Domenica 13 ottobre 2024 - 28 B (Mc 10,17-30)
Nel vangelo si racconta di un tale, anonimo e ricco. È senza nome perché gli è stato rubato dal denaro. Il suo nome e cognome è diventato la sua carta d’identità. Davanti a Gesù ponendosi in ginocchio riconosce la sua autorità, è convinto che la sua coscienza è a posto, sa di essere un rigoroso osservante dei comandamenti, ma avverte che gli manca qualcosa. Per questo interroga Gesù per sapere la verità su di sé: «Maestro buono, che tipo di vita è la mia? Come ereditare una vita che non finisce?». Da buon ebreo egli sa bene che l’eredità non è guadagnata, ma data gratuitamente da Dio. Gesù non gli dà la medaglia del credente modello, ma gli dice: «Va, vendi quello che hai, dallo ai poveri». Ma a causa di questa parola quel tale diventa oscuro in volto: la sua ricchezza modifica l’effetto di quella parola. E Gesù chiude dicendo: tutto è possibile a Dio!
Anche a noi può capitare che esteriormente sembriamo correre verso Gesù, fare genuflessioni, segni di croce, andare a messa la domenica, osservare i comandamenti, ma poi sentire che ci manca qualcosa. I nostri meriti, le nostre buone azioni non ci garantiscono nulla. Non si può essere suoi discepoli se non si tacca il cuore da ciò che si possiede. Gesù non invita a una vita nella miseria, ma a una vita attenta a chi a bisogno, una vita che sa spezzare la torta del benessere. Dove sta allora la magia della ricchezza? In che cosa consiste il virus dell’accumulo?

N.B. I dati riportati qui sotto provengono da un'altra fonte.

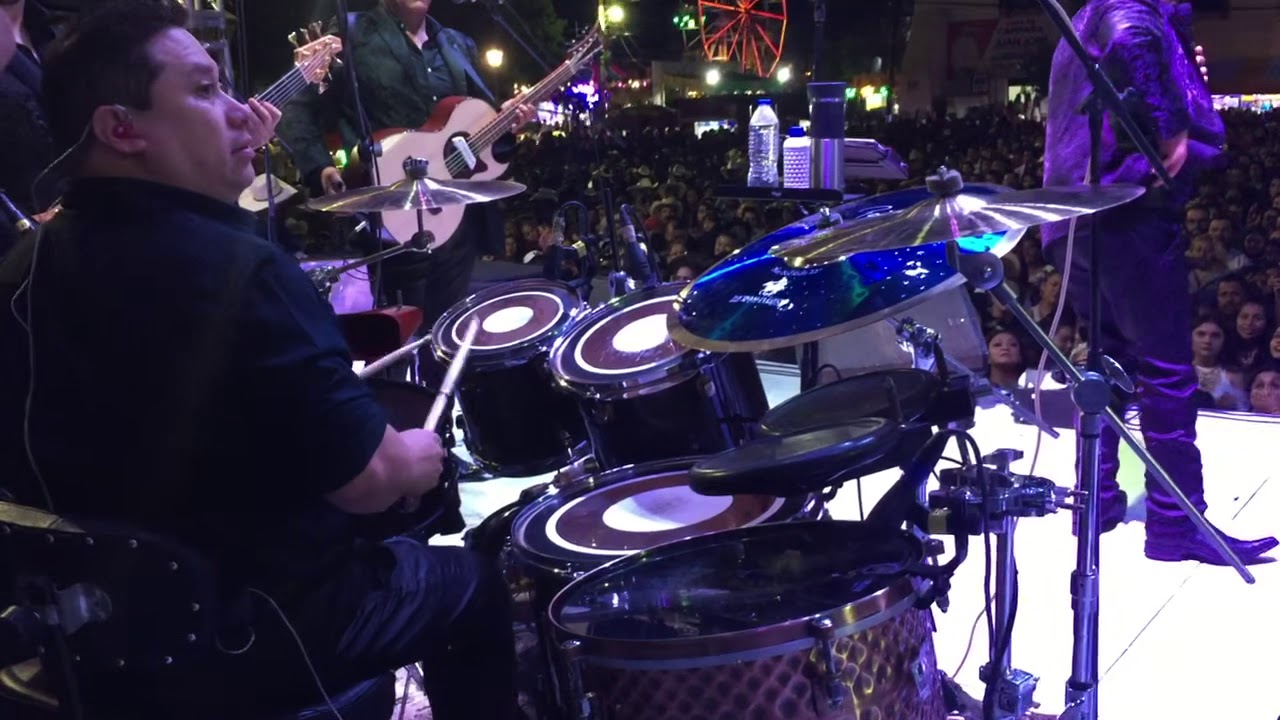No te podías quedar- Conjunto Primavera en vivo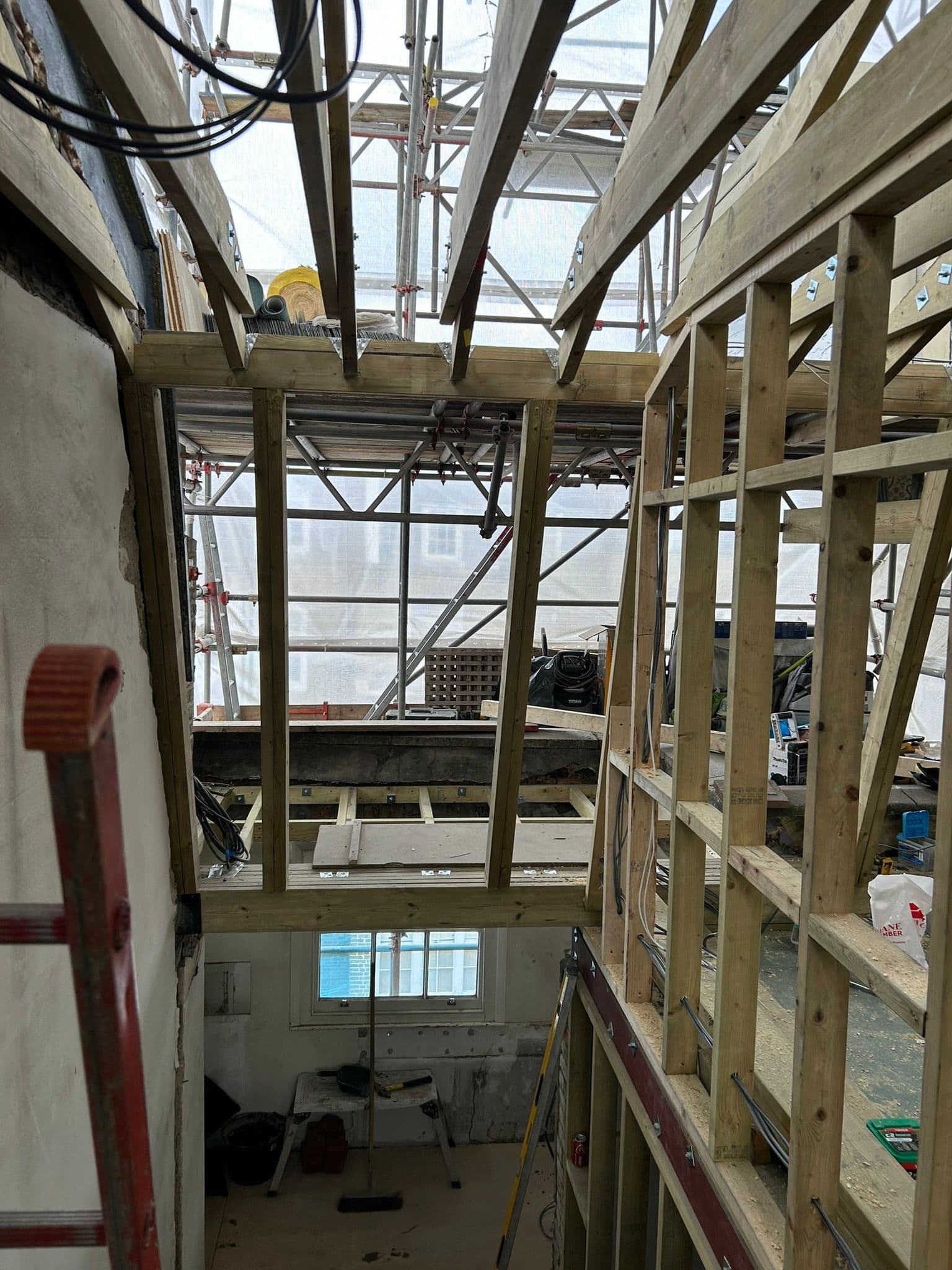 Roof and loft rebuild archive image 14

Gesù ci segnala che è proprio il possesso il motivo che ci rende infelici, perché il tesoro cresce dentro di noi mano a mano doniamo ad altri. anche noi siamo esposti al pericolo di sentirci persone più che religiose, ma in cerca del senso della vita, praticanti e insoddisfatti, devoti e inquieti. Siamo a rischio di correre verso Gesù, ma dopo aver sentito la sua parola di tornare camminando.